### Try it:
Copy the listing as it is written, and leave each picture out.

### Given data:
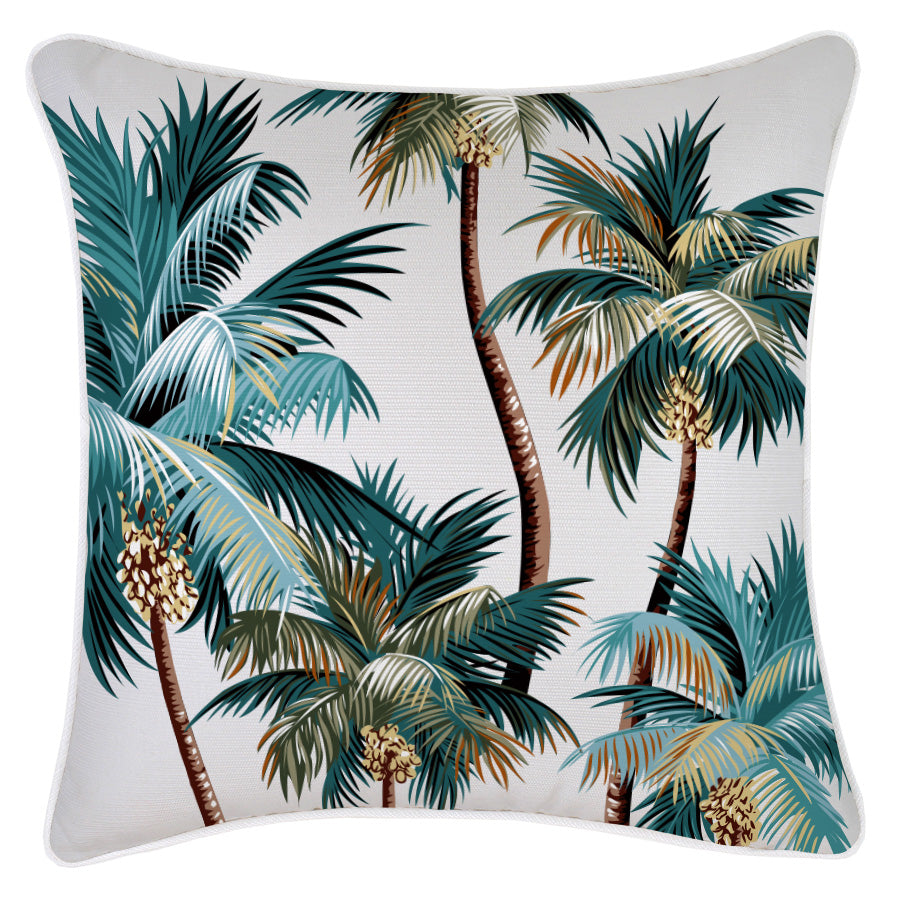 indoor-outdoor-cushion-cover-with-piping-palm-trees-white-45cm-x-45cm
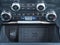 2026 Ford F-150 Platinum CREW 4WD
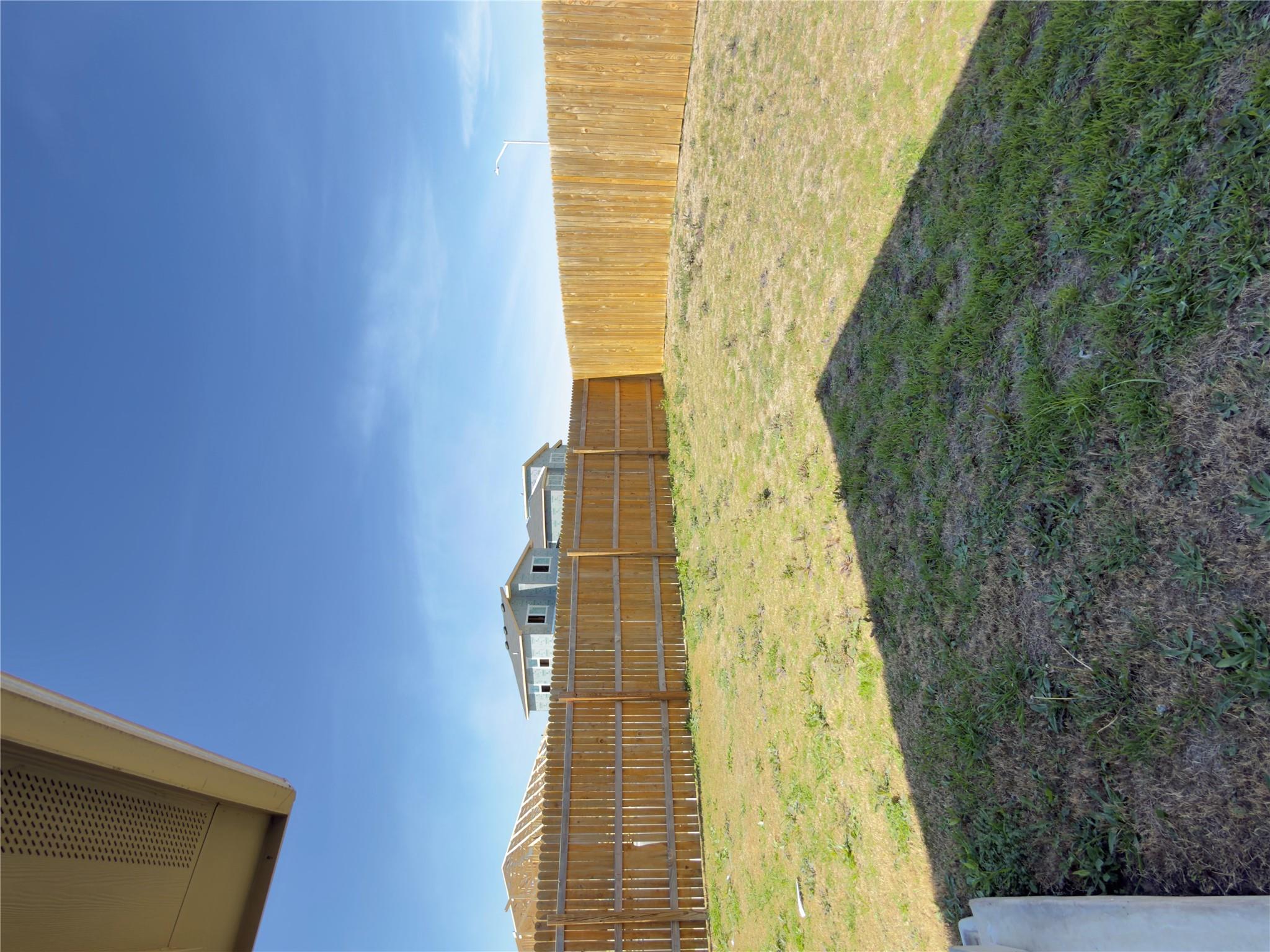 282 Texas Palmetto Cir, Kyle, TX 78640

### Answer to this problem:
 indoor-outdoor-cushion-cover-with-piping-palm-trees-white-45cm-x-45cm
 2026 Ford F-150 Platinum CREW 4WD
 282 Texas Palmetto Cir, Kyle, TX 78640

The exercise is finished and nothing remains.